Stobor is a chess engine I've been working on (off and on) since 1993.


The name "Stobor" comes from a science fiction novel by Robert Heinlein called Tunnel in the Sky. Before the main characters teleport to an unknown planet, they are told to "watch out for stobor."

Stobor is also "robots" spelled backwards. I didn't realize that until somebody pointed it out to me two years after I chose the name.


Here are Stobor's basic design characteristics:

Board representation: 0x88
Move ordering: hash table, MVV/LVA, killer (one), history
Extensions: check
Forward pruning: null move (R=2)
Quiescence search: captures
Hash table: Thompson, not used in quiescence search
Parallel search: ABDADA
Speed: ~5.8M nodes per second (single thread, Apple M1)

One unique thing about Stobor is that it computes attack information at the beginning of its evaluation function. The information is encoded in such a way that it's trivial to determine how many pieces are attacking (or defending) a particular square or set of squares, which pieces they are, what types of pieces they are, and how many there are of each type. (This includes x-ray attacks.) To my knowledge, Stobor is the only chess engine with this amount of attack information readily available for positional evaluation.

Tournament record

Tournament: 15th World Microcomputer Championship
Location: Paris, France
Date: October 1997
Result: 24th place (out of 34)

Tournament: 6th International Paderborn Championship
Location: Paderborn, Germany
Date: February 1997
Result: 8th place (out of 16)

Tournament: 13th World Microcomputer Championship
Location: Paderborn, Germany
Date: October 1995
Result: 25th place (out of 34)

Stobor was the highest-rated bullet chess player on ICC (Internet Chess Club) for a few weeks in 1996.


If you're interested in licensing Stobor for a commercial project, please send me an e-mail:


I started Stobor (and chess programming) in 1993.

The first information I found on the subject was a series of articles published in BYTE magazine in 1978: Creating a Chess Player, by Peter Frey and Larry Atkin. The articles contained the source code for a chess engine called "Chess 0.5," which was presumably related to the famous CHESS engine from Northwestern University. Thus, the first version of Stobor was inspired by these engines. It used bitboards, which was common for supercomputers but unusual for personal computers at the time.

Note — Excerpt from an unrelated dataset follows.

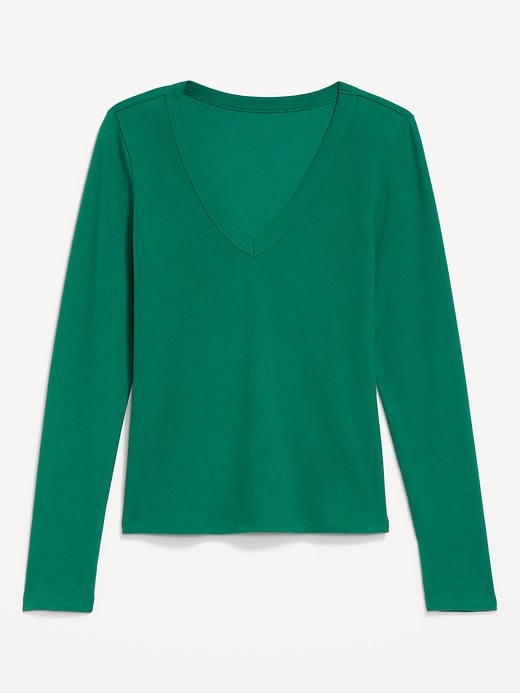 Image number 8 showing, Long-Sleeve Cozy V-Neck Top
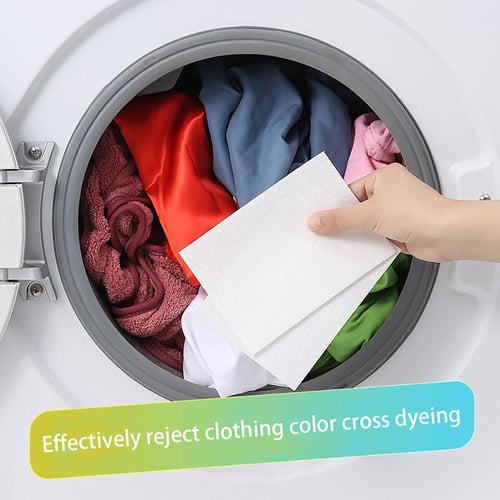 Laundry Detergent Tablet Sheet Washing Wipe Washing Machine Tide Color  Catcher Grabber Sheet Bubble Cloth Anti Dyed Home 30pcs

Shortly thereafter, I found out about ICS (the Internet Chess Server, since renamed to the Internet Chess Club). I spent a lot of time on ICS talking with other chess programmers, primarily Bruce Moreland. Bruce is awesome and he taught me a lot about chess programming. I rewrote Stobor to use precomputed attack tables for move generation, like GNU Chess 3 and Bruce's engine Ferret.

In 1999, I rewrote Stobor to use 0x88 for move generation.

In 2002, I bought a used dual-CPU computer with two Pentium II CPUs for $100 and developed the first version of my parallel search, based on the Young Brothers Wait Concept.

In 2004, I rewrote Stobor's evaluation function to generate and use the attack data described in the "Design" section above.

In 2016, I bought a used Dell Precision T5610 workstation, installed two used Intel Xeon E5-2670 CPUs, and rewrote my parallel search code. It's now based on ABDADA, and runs ~9 times faster on 16 cores.